The U.S. Court of Appeals for the District of Columbia Circuit demonstrated its support for responsible sourcing by U.S.-listed companies in its ruling to uphold legislation designed to prevent the trade in conflict minerals.
Yesterday’s ruling on Section 1502 of the Dodd-Frank Act, known as the conflict minerals provision, unanimously upheld the majority of the Securities and Exchange Commission’s (SEC) regulation and rejected legal challenges put forth by industry groups arguing that the regulation was ‘arbitrary and capricious.’ However, in a disappointing and damaging move, the Court also found the regulation’s requirement that issuers describe their products as 'not been found to be DRC conflict-free', to be a violation of the First Amendment’s right to free speech.
The conflict minerals provision is a landmark piece of legislation that aims to disrupt the trade in Congolese conflict minerals, which has provided significant funding to abusive armed groups operating in the eastern region of the Democratic Republic of the Congo (DRC). The law, requiring U.S.-listed companies who use tin, tantalum, tungsten or gold to find out whether their purchases are inadvertently funding armed groups in the DRC, is impacting the way that companies scrutinize their supply chains and has catalyzed important reforms in eastern DRC and neighboring countries.

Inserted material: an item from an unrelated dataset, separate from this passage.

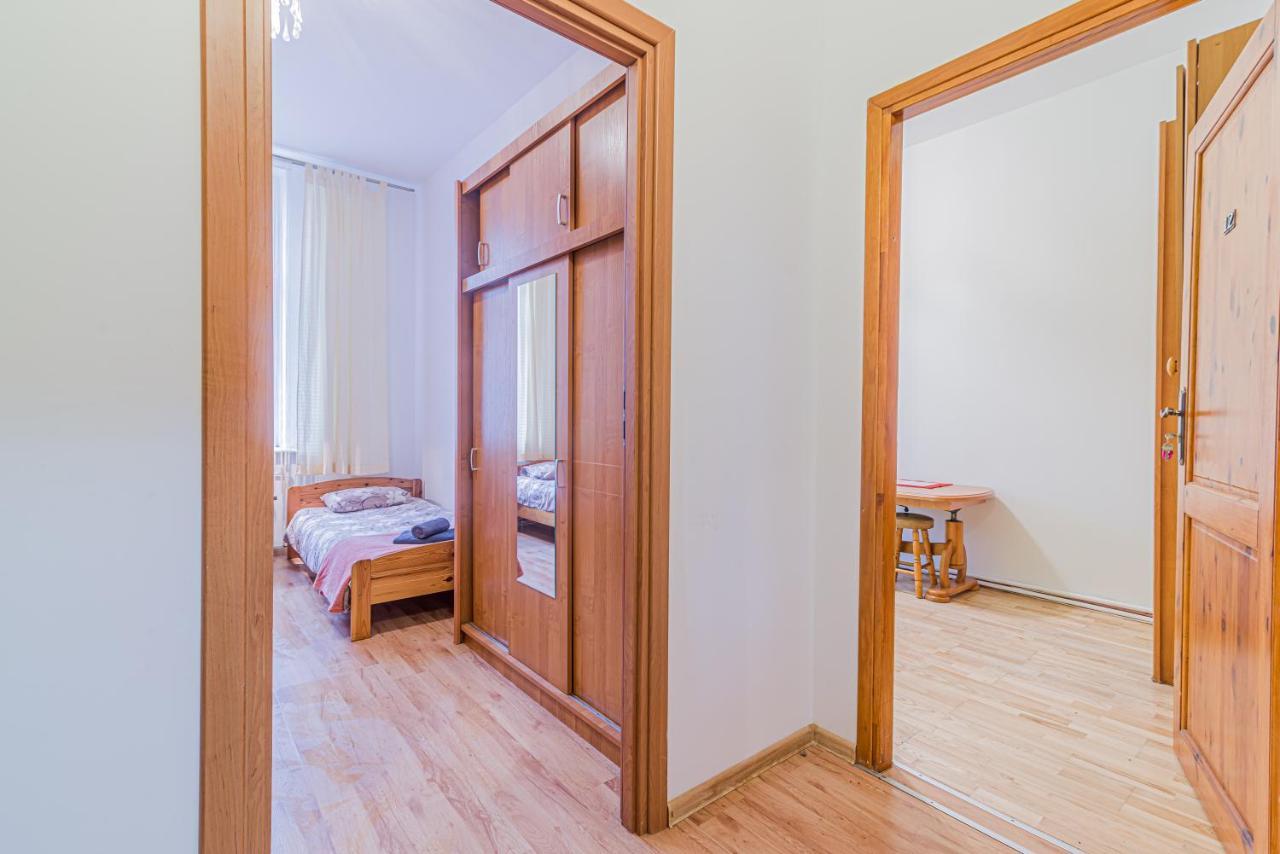 Room Near The Center 格但斯克 外观 照片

The Court’s ruling unanimously upheld several key aspects of the SEC’s rule, including the absence of a de minimis exemption, the scope of the due diligence requirement and the SEC’s cost-side analysis.

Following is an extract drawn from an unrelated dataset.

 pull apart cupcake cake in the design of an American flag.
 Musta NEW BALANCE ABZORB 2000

“This decision sends a strong signal to companies that they must take responsibility to ensure their supply chains are not fueling conflict in the DRC.” said Corinna Gilfillan, Head of Global Witness’ Washington, D.C. office.
However, two of the three judges on the panel also found the rule’s requirement that companies describe their products as 'not been found to be DRC conflict-free’, to be a violation of the First Amendment.

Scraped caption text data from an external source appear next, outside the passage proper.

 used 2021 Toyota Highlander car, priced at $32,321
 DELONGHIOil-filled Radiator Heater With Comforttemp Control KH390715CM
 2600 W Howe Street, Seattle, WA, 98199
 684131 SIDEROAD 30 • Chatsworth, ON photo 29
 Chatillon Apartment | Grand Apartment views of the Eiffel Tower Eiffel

“Global Witness strongly disagrees with Judges Randolph and Sentelle’s opinion that the SEC’s requirement that companies report on whether or not their products are conflict-free, violates the First Amendment,” said Gilfillan. “This type of factual disclosure is critical information for investors and consumers seeking to assess due diligence carried out by companies whose purchases may have fuelled human rights abuses and conflict.”
Judge Srinivasan, the third judge on the panel, issued an opinion calling the First Amendment ruling premature and declined to join the First Amendment ruling. He urged the Court to wait for an en banc decision on another case looking at a similar legal issue, American Meat Institute (AMI) v. U.S. Department of Agriculture, due to be heard by all of the active judges of the D.C. Circuit on May 19, 2014.
“The Court ruling did not vacate the rule or issue a stay in the reporting requirement,” said Gilfillan. “Companies covered by Section 1502 are still required to submit their first reports to the SEC by the May 31, 2014 deadline. Companies’ continued compliance with this law is crucial. Section 1502 has already catalyzed positive changes in the way that U.S.-listed companies approach the sourcing of metals.”
One year into the implementation of Section 1502, U.S.-listed firms have begun to trace their mineral supply chains. In January, Intel announced that all of their microprocessors are now conflict-free, and in February, Apple published a comprehensive list of conflict-free and non conflict-free smelters in its supply chain. Since the law was passed in 2010, U.S.-listed firms have made significant investments in ‘conflict-free’ responsible sourcing initiatives in the Great Lakes region.
Section 1502 has also prompted the Congolese government to take action to prevent conflict mineral trading. In 2012, the DRC government introduced legislation requiring companies to meet international due diligence standards set by the OECD, and the first company reports are due to be published this month. The Congolese government has also taken steps to demilitarize mining areas.
Global Witness filed a friend of the court brief in this appeal to raise awareness of these issues and to support the regulation as enacted by the SEC. Global Witness will continue to follow this important litigation as it proceeds through the court system. It is critical that the District Court take action to ensure that free speech laws are not used to thwart the disclosure by companies of key human rights information
/Ends
Contact
Corinna Gilfillan, Washington, D.C.
+1 202 621 6665
+1 202 725 8705
Annie Dunnebacke, London
+44 207 492 5897
+44 791 251 7127
Notes
Section 1502 requires U.S.-listed companies to determine whether or not they use minerals sourced from the DRC or surrounding countries and if so, to conduct checks—or due diligence—on their supply chains to ensure they are not indirectly financing human rights abuses. Companies must annually disclose their due diligence efforts in public reports to the SEC.
The legal challenge refers to a lawsuit brought against the SEC in October 2012 by three industry associations—the U.S. Chamber of Commerce, the National Association of Manufacturers and the Business Roundtable—who argued the rule issued by the SEC was overly burdensome and costly for companies to implement. In July 2013, the D.C. District Court upheld the law, citing industry groups’ arguments as over-exaggerated and capricious. The industry groups appealed the judgment in August 2013.
In March 2014, the European Commission introduced a legislative proposal for the responsible sourcing of minerals in the European Union. Draft legislation has also been introduced in Canada to require companies to conduct due diligence on their supply chains.